Retype each record below word for word. Leave the pictures out.

Collected data:
--

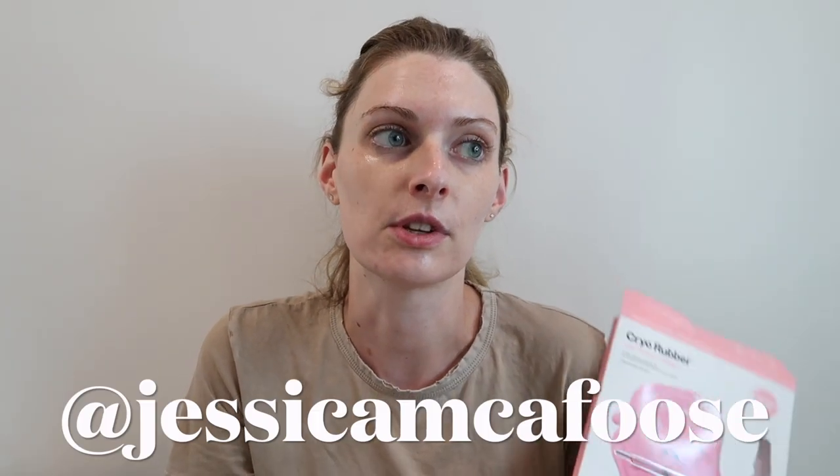I hope you guys enjoyed this video. Please be sure to subscribe to my channel and follow me on Instagram at Jessica McAfuse. You can also shop my Poshmark — I'll have it linked down below because I've been listing some things on there. I really like this mask, it just makes my skin look really good. Hope you enjoyed this video and we'll see you in the next one — bye!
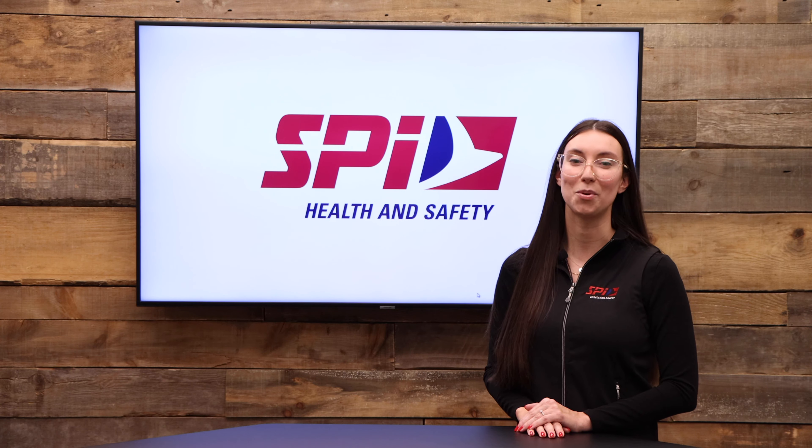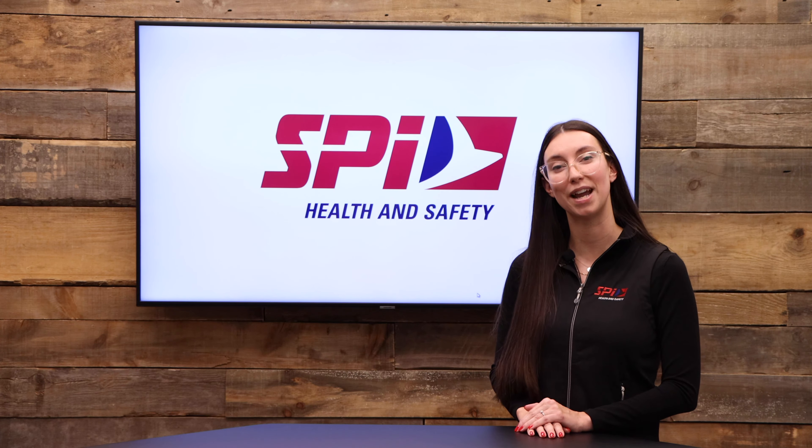To learn more about Honeywell's VeriPro, visit our website or ask to speak to one of our experts.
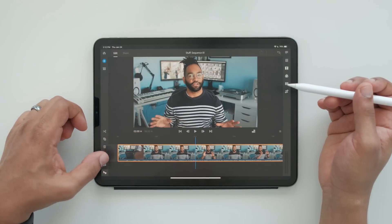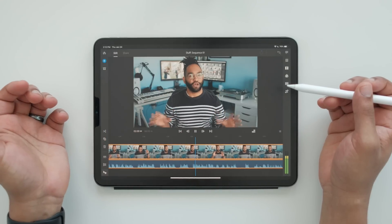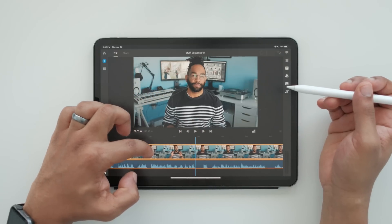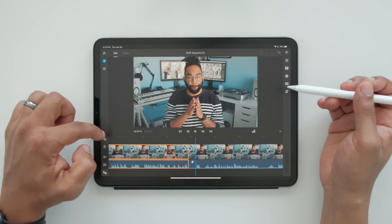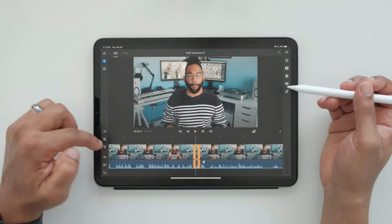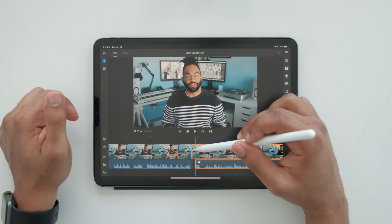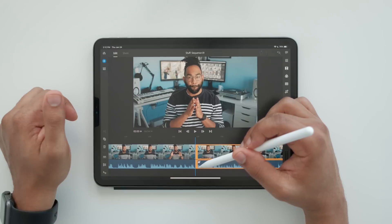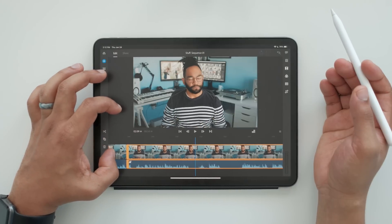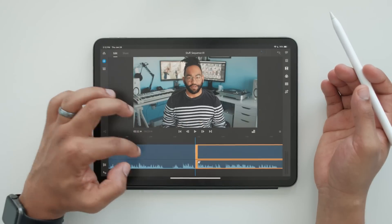I found that I actually like to use my hands instead of the pencil — it just works out smoother. Play your video, and here's a cut, so I can cut it there, cut it here, and then delete it. One thing I don't like so far is that the orange trimming bar is so big — you see how it blocks some of the audio? I'm not a big fan of that; it's kind of annoying. But outside of that it's pretty straightforward — I can clip that, clip it there, delete it, and I have a little cut.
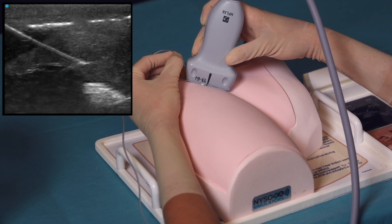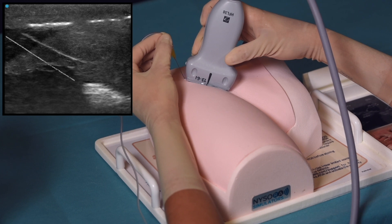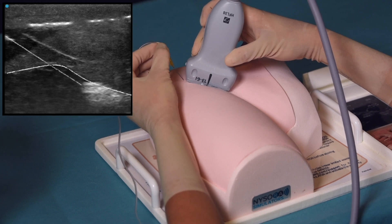Moving the transducer or slightly tilting it eliminates needle tracks from the image. Also, the needle tracks disappear within a few hours after use.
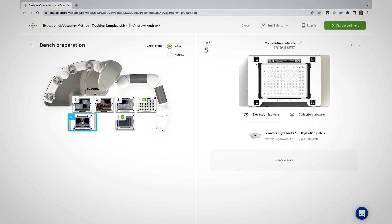You'll see that Vacuum Plus has been selected thanks to a dedicated icon. Are you ready to power up your lab? To learn more about Vacuum Plus and discover our other connected devices, visit waters.com/AndrewAlliance.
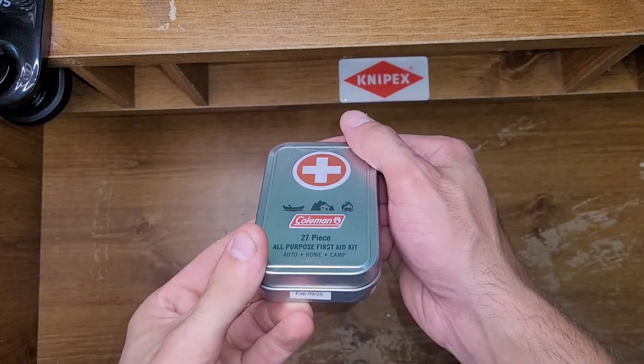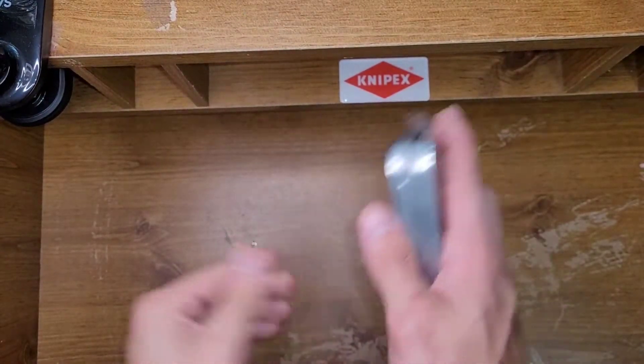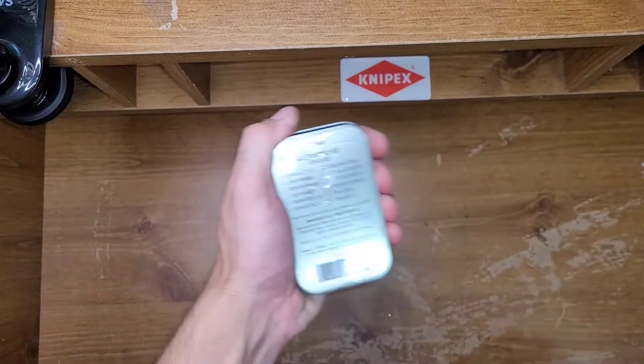Welcome back to Mainly Everything, my name is John. Today we're gonna be looking at a Coleman 27-piece all-purpose first-aid kit. This thing's tiny — that's why I bought it.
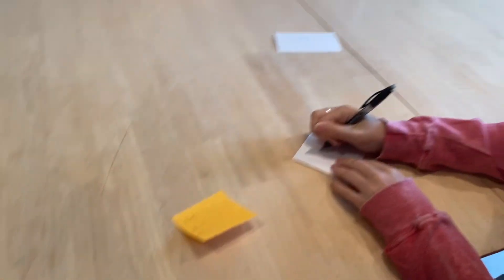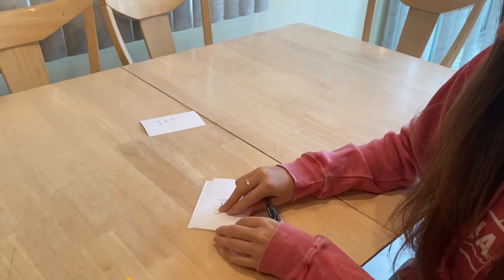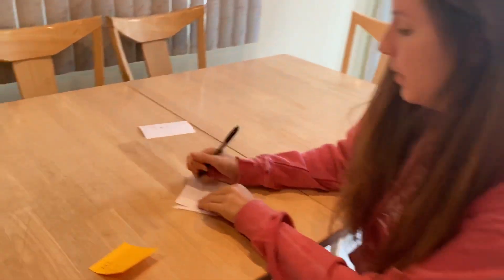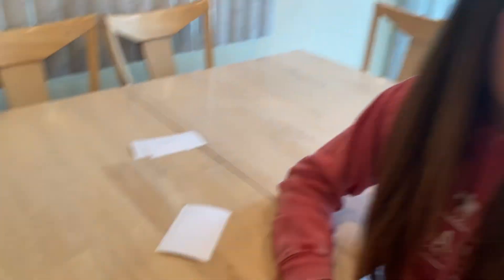Then I'll do my next one: four minus one. I'll use my fingers to help me — four, take one away, is three — and I'm writing the answer on the back. Do this for all of the math facts that you still need practice with, and we will get a chance to use them tomorrow to play some games.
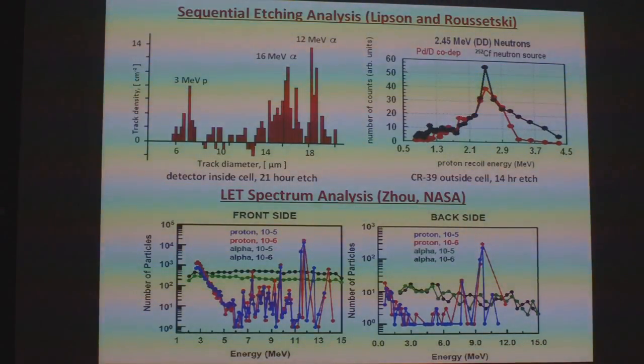About 2009, I was contacted by DeJong Zhao of NASA. He saw our papers and had been doing a lot of work with CR39 for the space station, and had developed this LET spectrum analysis. He said if I had any scanned data, he'd do an analysis of it. So I decided to send him the SRI data. He did his LET analysis and identified tracks due to energetic protons as well as alphas from both the front and back side.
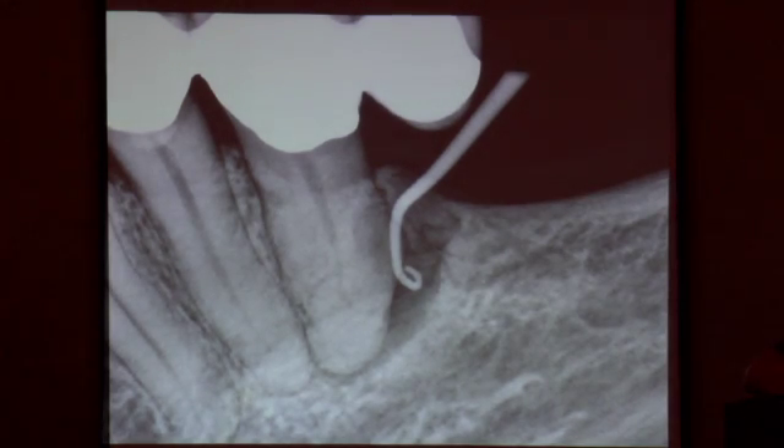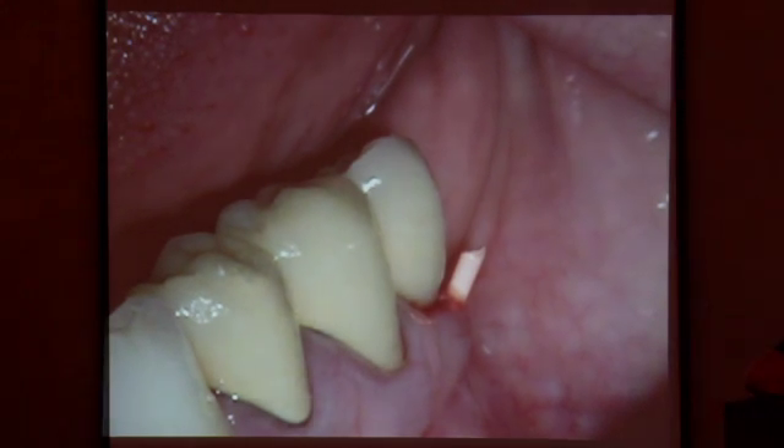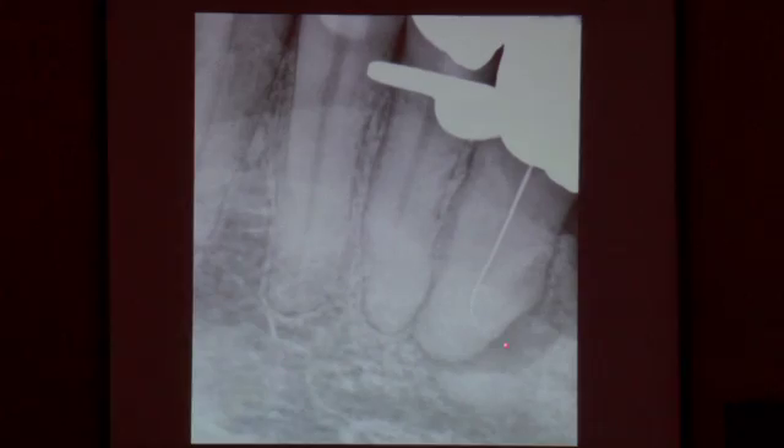Sinus tract, traced into a simple little premolar. There's clinically the first instrument to the radiographic terminus.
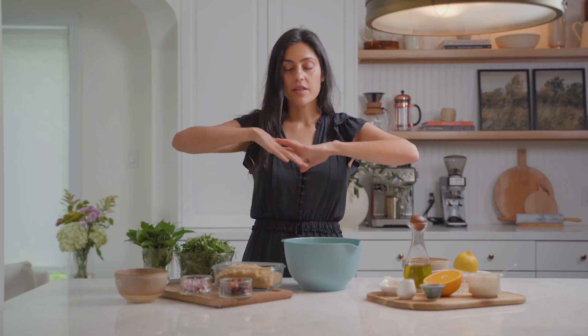Hi guys, welcome back to my YouTube channel. Today I'm sharing a recipe that's really popular on the blog — it's my Moroccan carrot and chickpea salad. I've been wanting to make a video for this for a while because you guys seem to love it, and it's really easy. One thing I love about this recipe is that the ingredients are simple and straightforward — nothing too tricky to find — and there's a lot of flavor in this healthy, wholesome recipe that packs a lot of punch.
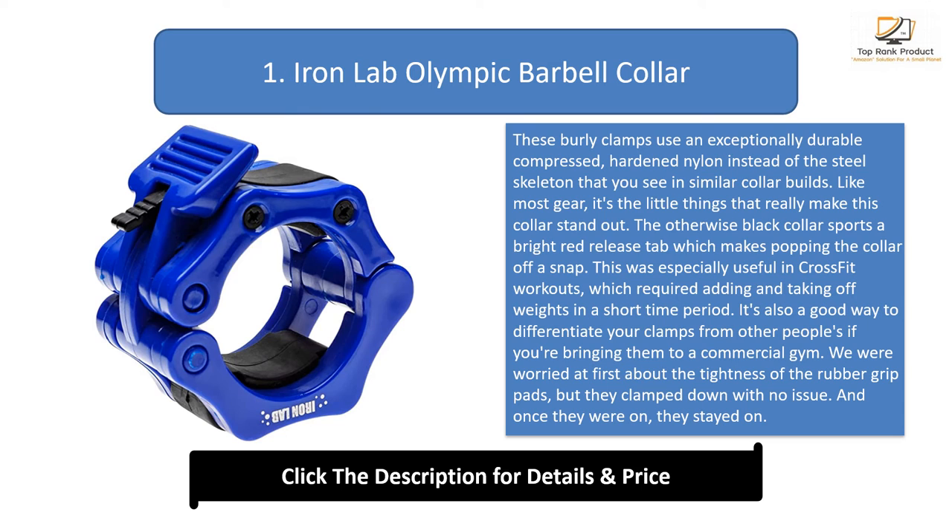We were worried at first about the tightness of the rubber grip pads, but they clamped down with no issue. And once they were on, they stayed on. The clamp locks stayed put even during 300-pound cleans and 500-plus-pound deadlifts.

--

* Result for this task
I hope you guys enjoyed this video. Please be sure to subscribe to my channel and follow me on Instagram at Jessica McAfuse. You can also shop my Poshmark — I'll have it linked down below because I've been listing some things on there. I really like this mask, it just makes my skin look really good. Hope you enjoyed this video and we'll see you in the next one — bye!
To learn more about Honeywell's VeriPro, visit our website or ask to speak to one of our experts.
I found that I actually like to use my hands instead of the pencil — it just works out smoother. Play your video, and here's a cut, so I can cut it there, cut it here, and then delete it. One thing I don't like so far is that the orange trimming bar is so big — you see how it blocks some of the audio? I'm not a big fan of that; it's kind of annoying. But outside of that it's pretty straightforward — I can clip that, clip it there, delete it, and I have a little cut.
Moving the transducer or slightly tilting it eliminates needle tracks from the image. Also, the needle tracks disappear within a few hours after use.
You'll see that Vacuum Plus has been selected thanks to a dedicated icon. Are you ready to power up your lab? To learn more about Vacuum Plus and discover our other connected devices, visit waters.com/AndrewAlliance.
Welcome back to Mainly Everything, my name is John. Today we're gonna be looking at a Coleman 27-piece all-purpose first-aid kit. This thing's tiny — that's why I bought it.
Then I'll do my next one: four minus one. I'll use my fingers to help me — four, take one away, is three — and I'm writing the answer on the back. Do this for all of the math facts that you still need practice with, and we will get a chance to use them tomorrow to play some games.
About 2009, I was contacted by DeJong Zhao of NASA. He saw our papers and had been doing a lot of work with CR39 for the space station, and had developed this LET spectrum analysis. He said if I had any scanned data, he'd do an analysis of it. So I decided to send him the SRI data. He did his LET analysis and identified tracks due to energetic protons as well as alphas from both the front and back side.
Sinus tract, traced into a simple little premolar. There's clinically the first instrument to the radiographic terminus.
Hi guys, welcome back to my YouTube channel. Today I'm sharing a recipe that's really popular on the blog — it's my Moroccan carrot and chickpea salad. I've been wanting to make a video for this for a while because you guys seem to love it, and it's really easy. One thing I love about this recipe is that the ingredients are simple and straightforward — nothing too tricky to find — and there's a lot of flavor in this healthy, wholesome recipe that packs a lot of punch.
We were worried at first about the tightness of the rubber grip pads, but they clamped down with no issue. And once they were on, they stayed on. The clamp locks stayed put even during 300-pound cleans and 500-plus-pound deadlifts.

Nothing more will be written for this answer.